Dans les années 70, plusieurs clubs de chiens de traîneau virent le jour en Europe, à l’instar par exemple du Trail Club of Europe, fondé en 1973.
De l’autre côté de l’Atlantique, le Gouverneur de l’Alaska éleva en 1971 les courses de traîneaux à chiens au rang de « sport national ». Deux ans plus tard, toujours dans le berceau alaskan de ce sport, le musher Joe Redington organisa une grande course en hommage au « Serum Run », consistant à rallier Nome depuis Anchorage, à travers plus de 2.000 kilomètres de piste. Ce fut la première édition de la prestigieuse Iditarod, qui allait devenir l’une des courses les plus importantes non seulement en Alaska, mais même dans le monde entier.

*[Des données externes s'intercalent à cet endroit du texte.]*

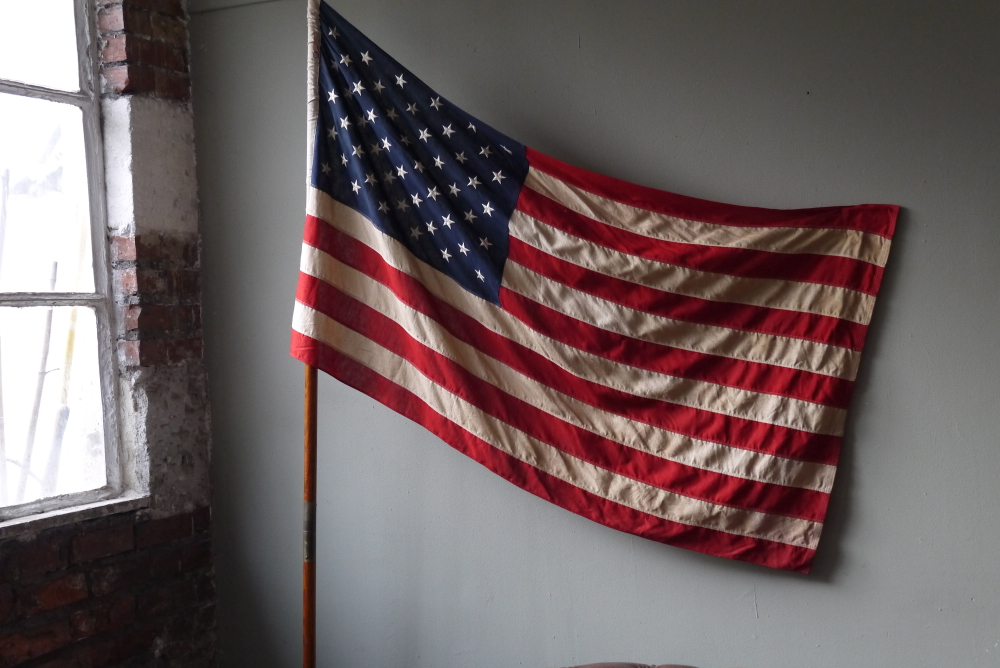 flag USA ancien drapeau americain sur mat socle fonte – Image 12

Le rayonnement médiatique de cette compétition, tant pour sa difficulté que pour ce qu’elle célébrait, fut bien sûr très important dans le milieu du mushing international, et favorisa encore davantage la pratique de la discipline en Europe. En 1978 eut ainsi lieu la première course de chiens de traîneau française au col de la Schlucht, dans les Vosges. La France rejoignait la Suisse, l’Allemagne, l’Italie et l’Autriche dans l’organisation de courses de traîneaux.
Malgré l’apparition et le développement de la pratique dans les années 60 et 70, il restait beaucoup à faire en Europe en comparaison avec l’Amérique du Nord, où la discipline était à présent fortement implantée. Dans les années 80, l’Europe s’organisa et rationalisa la pratique des sports de traîneaux.

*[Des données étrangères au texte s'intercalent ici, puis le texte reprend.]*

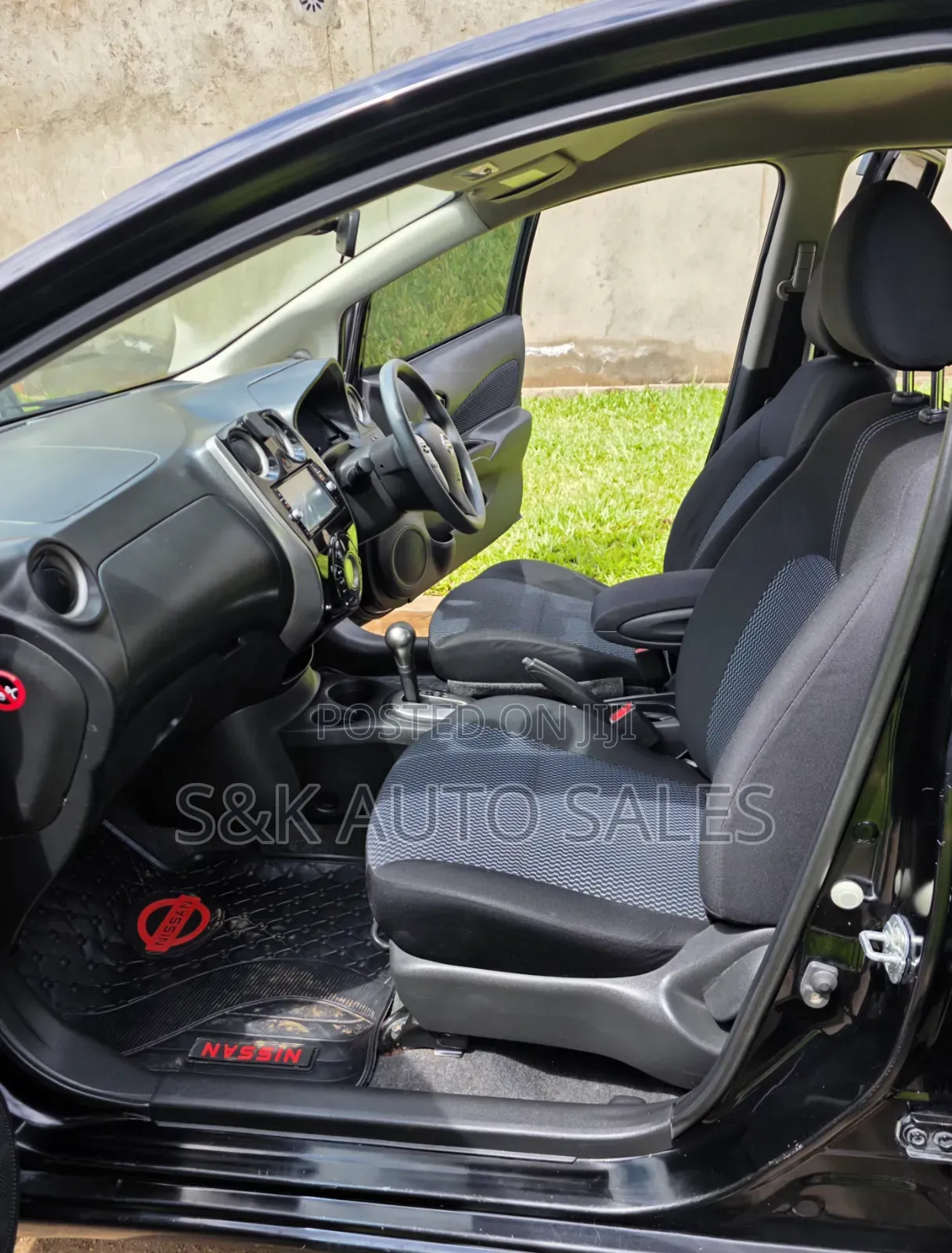 Nissan Note 2016 Black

La décennie s’ouvrit avec la création en Norvège en 1981 de la Finnmarksløpet, une compétition internationale sur le modèle de l’Iditarod. Sa distance totale, d’environ 1100 kilomètres, en faisait la course la plus longue d’Europe, ce qui est d’ailleurs toujours le cas aujourd’hui.
En 1983, les différentes fédérations européennes se regroupèrent sous la houlette de l’ESDRA (European Sled Dog Racing Association), qui organisa dès l’année suivante des championnats d’Europe. Ces championnats existent toujours aujourd’hui et se tiennent chaque année. Ils sont maintenant divisés en deux compétitions : une de vitesse, comprenant cinq catégories et 300 attelages, et une de moyenne distance, avec une soixantaine d’attelages.
En 1985 fut fondée en France la Fédération Française de Pulka et de Traîneau à Chiens (FFPTC). La pulka étant fortement implantée en Scandinavie, il était logique que ce sport soit représenté dans toute l’Europe lors des compétitions officielles.
La même année naquit l’IFSS (International Federation for Sleddog Sport, ou « Fédération Internationale des Sports de Traîneaux à Chiens »). C’est aussi en 1985 qu’eut lieu la première édition d’une des courses d’endurance les plus difficiles au monde : la Yukon Quest, entre l’Alaska et le Canada.
Sept ans après la Finnmarksløpet, une autre course européenne longue distance vit le jour en 1988 : l’Alpirod-Royal Canin. Il s’agissait d’une compétition à étapes sur 15 jours, conduisant les équipages à parcourir près de 1 000 kilomètres dans les Alpes. Le tracé traversait ainsi l’Italie, la France, l’Allemagne, la Suisse et l’Autriche. Les meilleurs attelages alaskans y participèrent et ne manquèrent pas de s’y illustrer, remportant plusieurs éditions.
1990 fut une année clef pour la notoriété des courses de traîneau, avec l’organisation sous la houlette de la jeune Fédération Internationale, l’IFSS, des premiers championnats du monde de vitesse. Se tenant à Saint-Moritz, en Suisse, ils virent s’affronter l’élite de la pulka et du traîneau à chiens.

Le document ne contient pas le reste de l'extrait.